Aside from his bat’s disappearance, Lucroy’s defense also wasn’t Lucroy-worthy. According to FanGraphs’ Defensive Runs Above Average (DEF) stat, which measures a player’s defensive value compared to league average, Lucroy’s value plummeted faster than Meek Mill’s rap career. Last year, he ranked sixth among catchers. In 2015, he was down in the gutter at 37th.

2016 outlook: In hindsight, the Brewers should have traded him immediately after his superstar year. Now, interest in the catcher will surely be down a bit.

Carlos Gomez

AVG HR wOBA wRC+ OBP ISO K% BB% WAR
Projection .287 22 .366 131 .350 .193 22.1% 7.7% 5.3
Season Stats .255 12 .315 96 .314 .154 21.2% 6.5% 2.6

Carlos Gomez went through one roller coaster of a season in 2015, whether it was injuries, being fake traded to the New York Mets or being for real traded to the Houston Astros. And to top all of that off, he was a disaster at the plate.

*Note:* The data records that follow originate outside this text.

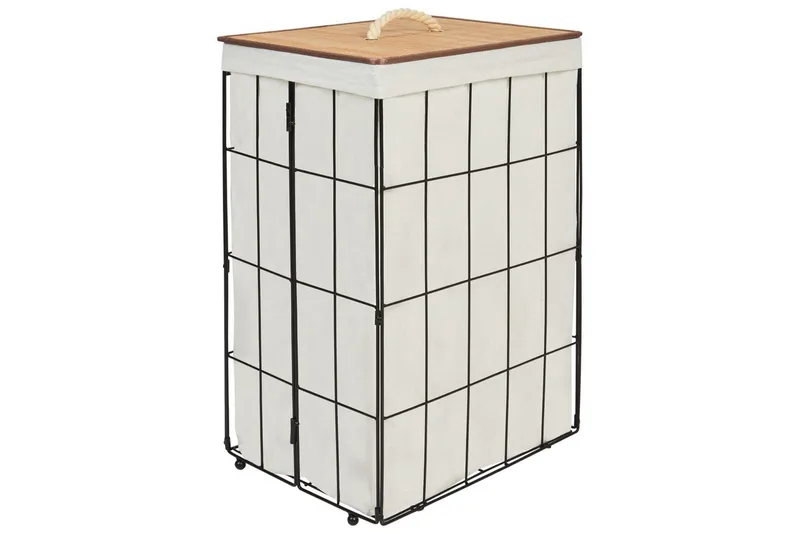 Tvättkorgar Mirissa Svart/vit/ljus trä - Svart/vit/ljus trä - Hus & renovering - Kök & bad - Badrum - Badrumstillbehör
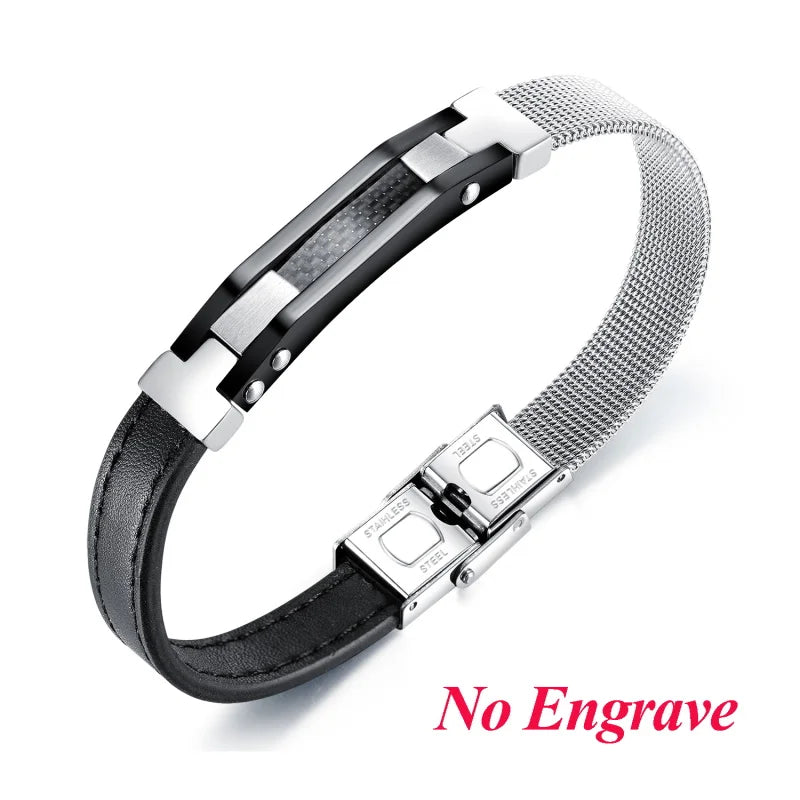 Stainless Steel Mesh Bracelet Men Leather Bangle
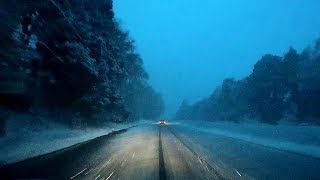 Early Morning Drive Through Snow In Hampshire and Dorset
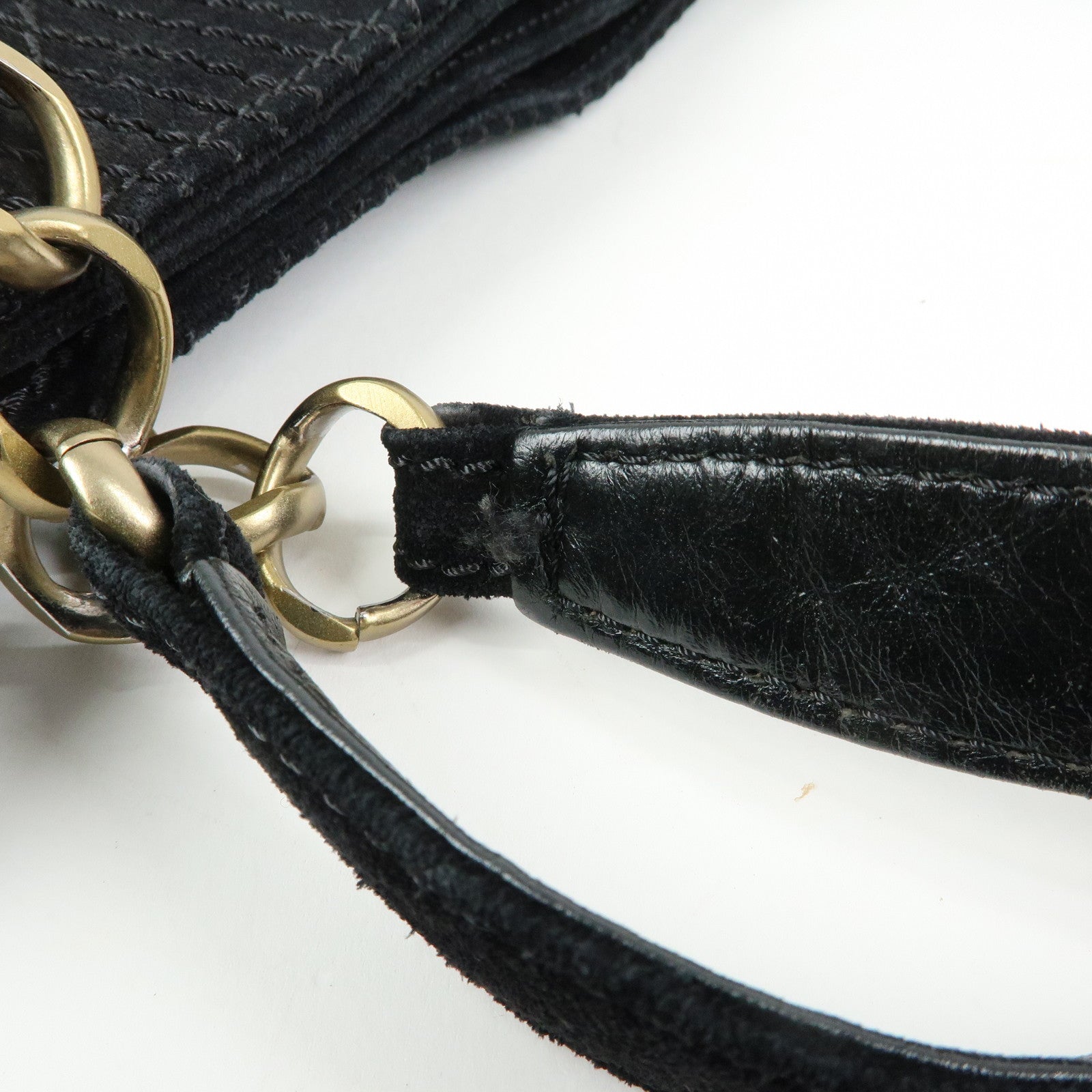 CHANEL COCO Mark Wild Stitch Suede Lamb Skin Tote Bag Black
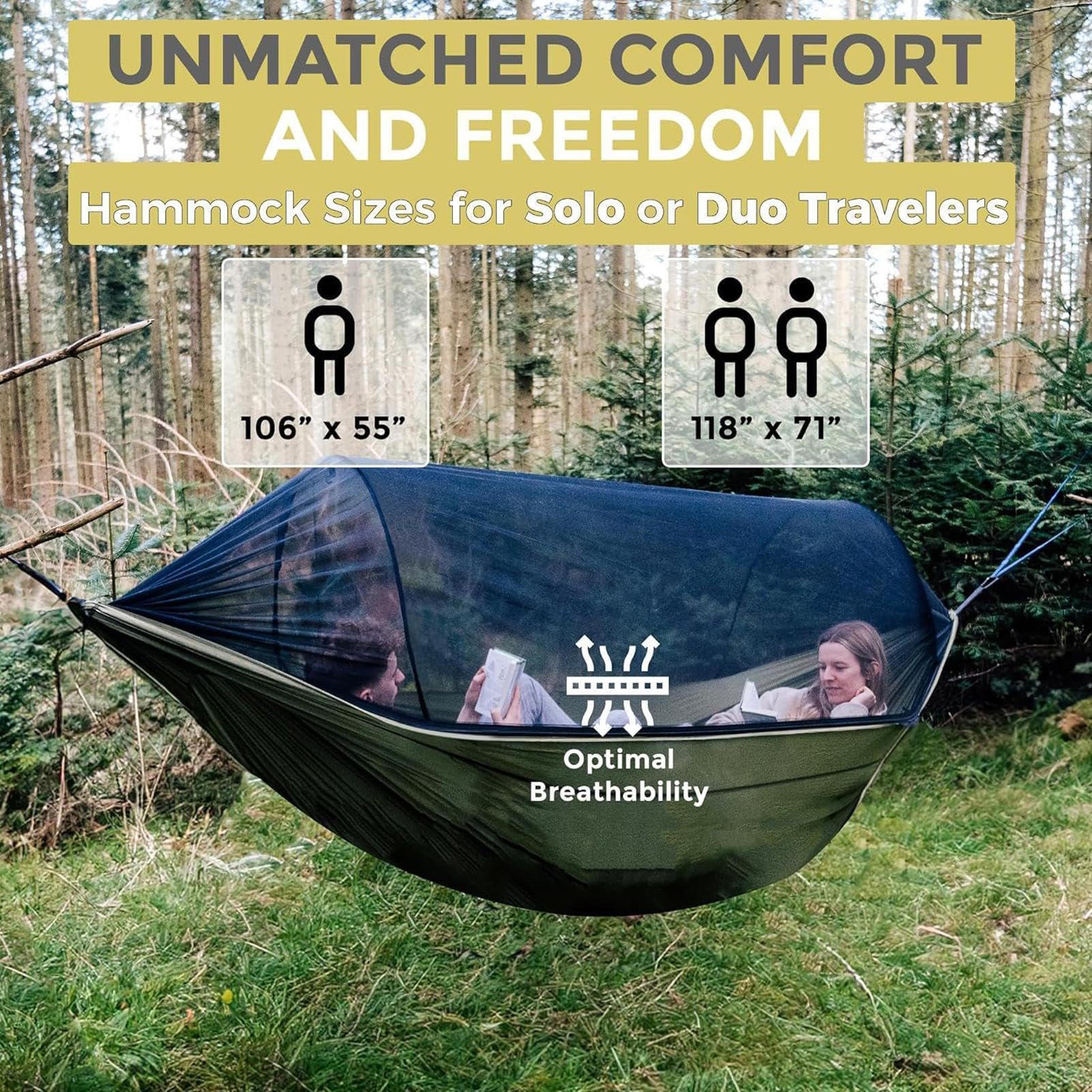 Tentes Hamac pour Camping Tarp de Nuit pour Deux Personnes avec Sangles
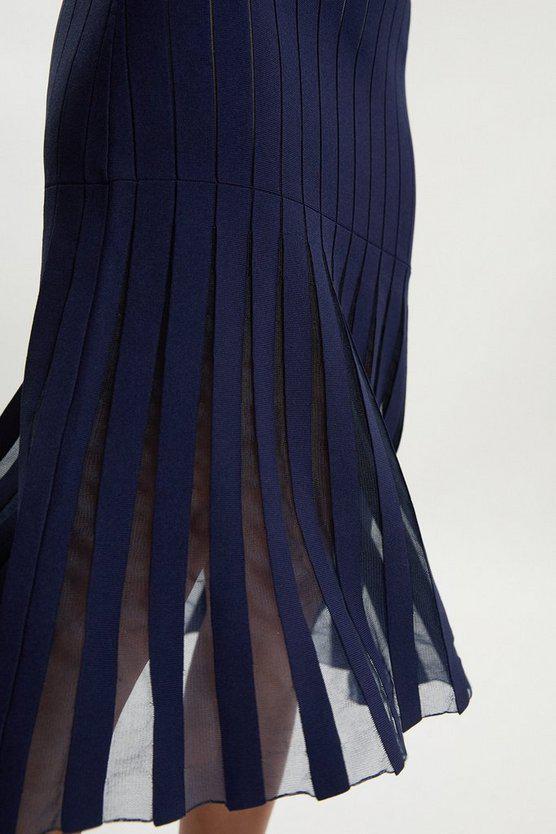 Karen Millen UK SALE Tall Compact Stretch Square Neck Knitted Flippy Dress - navy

I knew the Brewers were destined for the bottom of the standings, but no way did I think Gomez would contribute in a negative way to their offensive output. Like Lucroy, I thought he had a chance to compete for the MVP award; instead, he wasn’t even a league-average hitter. His helmet and the ground got pretty friendly, though.

2016 outlook: Trading Gomez was necessary and a fantastic move by Milwaukee’s brass, and I’m on-the-edge-of-my-seat excited for the prospects Houston sent over. In order for the trade to look respectable for the Astros, however, Gomez will need a big bounce-back season. And I think it’s in the cards. He’s my pick for 2016’s Comeback Player of the Year.

Michael Blazek

ERA FIP xFIP SIERA HR K% BB% GB% WAR
Projection 4.22 4.03 3.90 3.89 7 21.3% 11.3% 42.0% -0.1
Season Stats 2.43 3.17 3.85 3.60 3 21.2% 8.1% 47.4% 0.6

Michael Blazek was a hard player to project. Before 2015, the right-handed reliever had just 17 innings of major-league experience, making projecting his first full year a crap shoot.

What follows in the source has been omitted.